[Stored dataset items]
——————————
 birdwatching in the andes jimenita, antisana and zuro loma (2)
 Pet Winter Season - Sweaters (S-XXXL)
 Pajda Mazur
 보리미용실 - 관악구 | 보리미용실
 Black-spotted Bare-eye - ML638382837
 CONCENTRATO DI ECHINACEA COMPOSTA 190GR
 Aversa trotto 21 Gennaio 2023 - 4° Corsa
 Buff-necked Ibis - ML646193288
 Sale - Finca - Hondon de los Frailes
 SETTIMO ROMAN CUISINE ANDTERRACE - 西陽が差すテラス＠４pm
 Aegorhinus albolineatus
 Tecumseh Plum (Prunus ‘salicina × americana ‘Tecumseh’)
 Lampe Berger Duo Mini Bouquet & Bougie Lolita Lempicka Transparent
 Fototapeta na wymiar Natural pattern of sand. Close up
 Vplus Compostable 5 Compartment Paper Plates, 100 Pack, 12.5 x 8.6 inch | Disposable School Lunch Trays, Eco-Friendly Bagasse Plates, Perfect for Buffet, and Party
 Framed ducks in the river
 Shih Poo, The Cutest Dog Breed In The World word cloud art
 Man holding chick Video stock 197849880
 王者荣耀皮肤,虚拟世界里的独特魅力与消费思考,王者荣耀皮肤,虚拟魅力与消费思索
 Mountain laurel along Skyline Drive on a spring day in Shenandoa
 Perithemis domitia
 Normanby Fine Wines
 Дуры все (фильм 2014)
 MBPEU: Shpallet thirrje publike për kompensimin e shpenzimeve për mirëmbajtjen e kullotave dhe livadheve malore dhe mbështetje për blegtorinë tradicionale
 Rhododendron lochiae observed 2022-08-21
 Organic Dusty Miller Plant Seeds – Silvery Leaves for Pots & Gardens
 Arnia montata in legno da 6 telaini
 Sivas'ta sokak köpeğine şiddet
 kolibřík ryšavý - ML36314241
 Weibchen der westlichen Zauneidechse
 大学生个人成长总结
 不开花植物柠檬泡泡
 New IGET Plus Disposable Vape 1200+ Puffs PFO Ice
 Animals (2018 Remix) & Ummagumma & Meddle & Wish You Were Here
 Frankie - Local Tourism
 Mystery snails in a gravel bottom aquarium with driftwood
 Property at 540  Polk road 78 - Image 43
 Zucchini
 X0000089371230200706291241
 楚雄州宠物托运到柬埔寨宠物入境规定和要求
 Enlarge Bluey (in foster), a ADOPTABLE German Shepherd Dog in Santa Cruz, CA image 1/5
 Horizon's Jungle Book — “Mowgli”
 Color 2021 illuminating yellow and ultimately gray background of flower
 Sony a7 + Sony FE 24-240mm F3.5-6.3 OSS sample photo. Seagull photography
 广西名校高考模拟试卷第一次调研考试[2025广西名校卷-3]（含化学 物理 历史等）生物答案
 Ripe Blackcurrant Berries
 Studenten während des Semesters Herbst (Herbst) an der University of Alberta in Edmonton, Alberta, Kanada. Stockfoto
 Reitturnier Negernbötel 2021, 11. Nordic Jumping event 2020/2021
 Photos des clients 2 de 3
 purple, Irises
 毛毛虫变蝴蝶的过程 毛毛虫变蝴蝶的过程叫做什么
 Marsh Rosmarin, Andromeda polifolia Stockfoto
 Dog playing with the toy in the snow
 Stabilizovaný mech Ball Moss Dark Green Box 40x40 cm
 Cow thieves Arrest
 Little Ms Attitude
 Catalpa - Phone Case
——————————
The problem:
On how many lines of the data does the word "Stockfoto" appear? Only the number is wanted.

Answer space:
2